Data excerpts:
"""

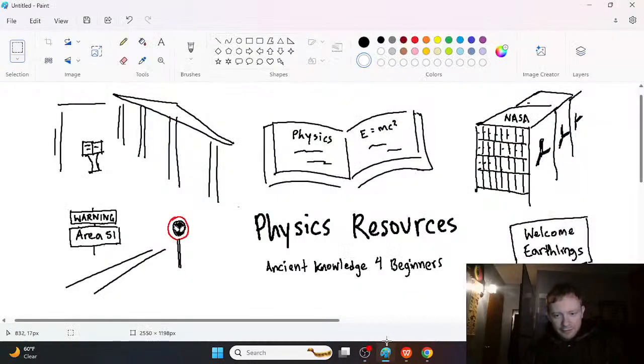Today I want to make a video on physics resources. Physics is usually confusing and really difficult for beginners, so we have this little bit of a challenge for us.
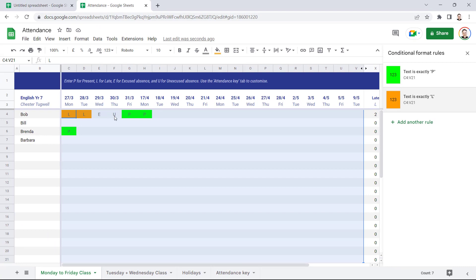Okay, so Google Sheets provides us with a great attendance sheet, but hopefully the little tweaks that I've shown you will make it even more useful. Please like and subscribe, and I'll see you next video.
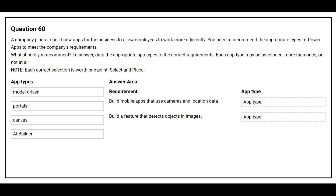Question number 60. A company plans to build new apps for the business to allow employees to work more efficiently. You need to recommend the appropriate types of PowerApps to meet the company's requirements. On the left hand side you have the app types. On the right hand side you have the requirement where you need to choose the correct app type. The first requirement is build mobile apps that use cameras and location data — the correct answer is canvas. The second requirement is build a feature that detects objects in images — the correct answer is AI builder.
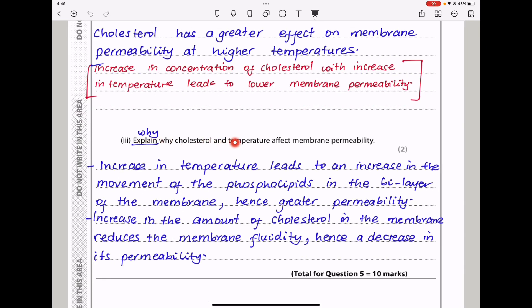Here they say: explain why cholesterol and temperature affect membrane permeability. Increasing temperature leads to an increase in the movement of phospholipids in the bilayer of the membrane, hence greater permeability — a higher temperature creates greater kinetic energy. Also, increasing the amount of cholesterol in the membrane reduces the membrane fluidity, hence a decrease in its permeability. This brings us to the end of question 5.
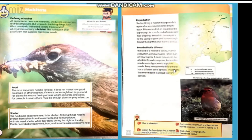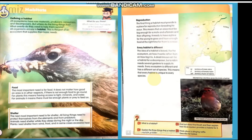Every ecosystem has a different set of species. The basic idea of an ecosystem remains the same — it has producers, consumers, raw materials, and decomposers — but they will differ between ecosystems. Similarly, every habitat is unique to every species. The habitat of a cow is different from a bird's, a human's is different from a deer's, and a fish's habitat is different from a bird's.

"""

- The problem
Write out each line of the data exactly; the images should be left out.

- Response box
Today I want to make a video on physics resources. Physics is usually confusing and really difficult for beginners, so we have this little bit of a challenge for us.
Okay, so Google Sheets provides us with a great attendance sheet, but hopefully the little tweaks that I've shown you will make it even more useful. Please like and subscribe, and I'll see you next video.
Question number 60. A company plans to build new apps for the business to allow employees to work more efficiently. You need to recommend the appropriate types of PowerApps to meet the company's requirements. On the left hand side you have the app types. On the right hand side you have the requirement where you need to choose the correct app type. The first requirement is build mobile apps that use cameras and location data — the correct answer is canvas. The second requirement is build a feature that detects objects in images — the correct answer is AI builder.
Here they say: explain why cholesterol and temperature affect membrane permeability. Increasing temperature leads to an increase in the movement of phospholipids in the bilayer of the membrane, hence greater permeability — a higher temperature creates greater kinetic energy. Also, increasing the amount of cholesterol in the membrane reduces the membrane fluidity, hence a decrease in its permeability. This brings us to the end of question 5.
Every ecosystem has a different set of species. The basic idea of an ecosystem remains the same — it has producers, consumers, raw materials, and decomposers — but they will differ between ecosystems. Similarly, every habitat is unique to every species. The habitat of a cow is different from a bird's, a human's is different from a deer's, and a fish's habitat is different from a bird's.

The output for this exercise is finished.